# Commsec as CFD provider?



## aferguson15 (11 December 2009)

Hi all

Impressive forum.

I am new to CFD trading but have been investing in shares for quite some time, I am doing as much reaseach as possible into CFD's before i get my feet wet.
I am basically looking at trading in index CFD's only (as i see them as a safer option, correct me if i am wrong) till i get my confidence up, nothing huge.

Basically want to know peoples opinion on Comsec as a CFD broker and liquidity of Index CFD's

Apparently Comsec use the IRESS platform and by doing a bit of reading on this forum it sounds like IRESS is ok??? the main reason i am asking about Comsec is because i already trade my shares through them, but no one on here seem to be using them, why is that????

My next question is about the liquidity of Index CFD's, basically how liquid are they??? and peoples thoughts in gerneral about Index CFD trading

Any thoughts or advice would be much appreciated


----------



## Glen48 (11 December 2009)

*Re: Comsec as CFD provider????*

I have been using GFT for awhile who had a few demo setup but I guess there are a lot of others who do the same....hard part is to make money and working when the US market is working..GFT and others give you their opinion om FX market. all the bestr


----------



## Wysiwyg (11 December 2009)

*Re: Comsec as CFD provider????*

Hello, are you aware Commsec offer ASX CFD's and OTC CFD's?
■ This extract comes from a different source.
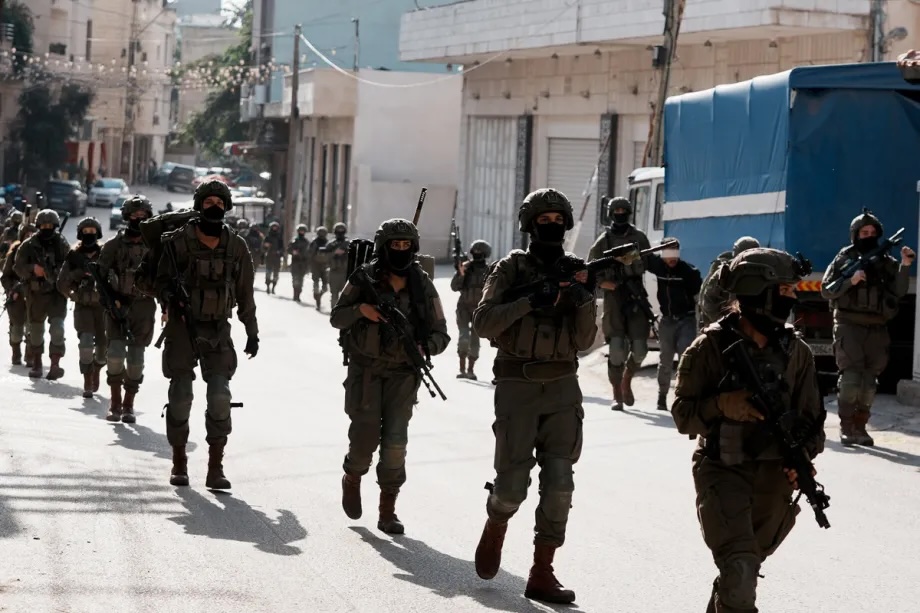 Israeli soldiers surround the Kefr Saba neighborhood after organizing a raid in Qalqilya, West Bank on December 4, 2025.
There is a difference between the two and one may be more flexible than the other.

Which option did you take?



> ASX Contracts for Difference (ASX CFDs) are a versatile and powerful investment tool for experienced investors. Unlike over-the-counter (OTC) CFDs, which are contracts traded between you and a provider, ASX CFDs are traded on a regulated public exchange, the Sydney Futures Exchange Limited (SFE) which is a member of the ASX Group of companies known under the brand Australian Securities Exchange.


----------



## Wysiwyg (11 December 2009)

*Re: Comsec as CFD provider????*

I'm with a dedicated CFD/DMA provider so I can't vouch for the turnover of ASX CFD's. Here is the market depth on the S&P/ASX 200  CFD. The spread might be tighter during market hours. A dedicated CFD provider allows 24 hour trading of indices.


----------



## skc (11 December 2009)

*Re: Comsec as CFD provider????*



aferguson15 said:


> Hi all
> 
> Impressive forum.
> 
> ...




I wouldn't use Comsec. Expensive brokerage overall, and with ASX CFDs, bad spread and liquidity. Any old CFD providers will top them on various measures.
There is no benefit for using Comsec just because you are trading shares with them, is there?

Unless you are only trading 3 times per year, I would go with someone else. Plenty of threads here on various providers. DYOR


----------



## investorpaul (11 December 2009)

*Re: Comsec as CFD provider????*

I would read up on the difference between asx Cfds and over the counter cfds (market makers).

I think u will find that asx cfds (as offered by Commsec) are harder to trade due to the smaller volume. With index cfds you can be in and out of a trade every quickly and if the buyers/sellers are not there (with the asx cfds) you may get stuck.


----------



## aferguson15 (11 December 2009)

*Re: Comsec as CFD provider????*

Thanks for the replays everyone, deffinately answered a few of my question.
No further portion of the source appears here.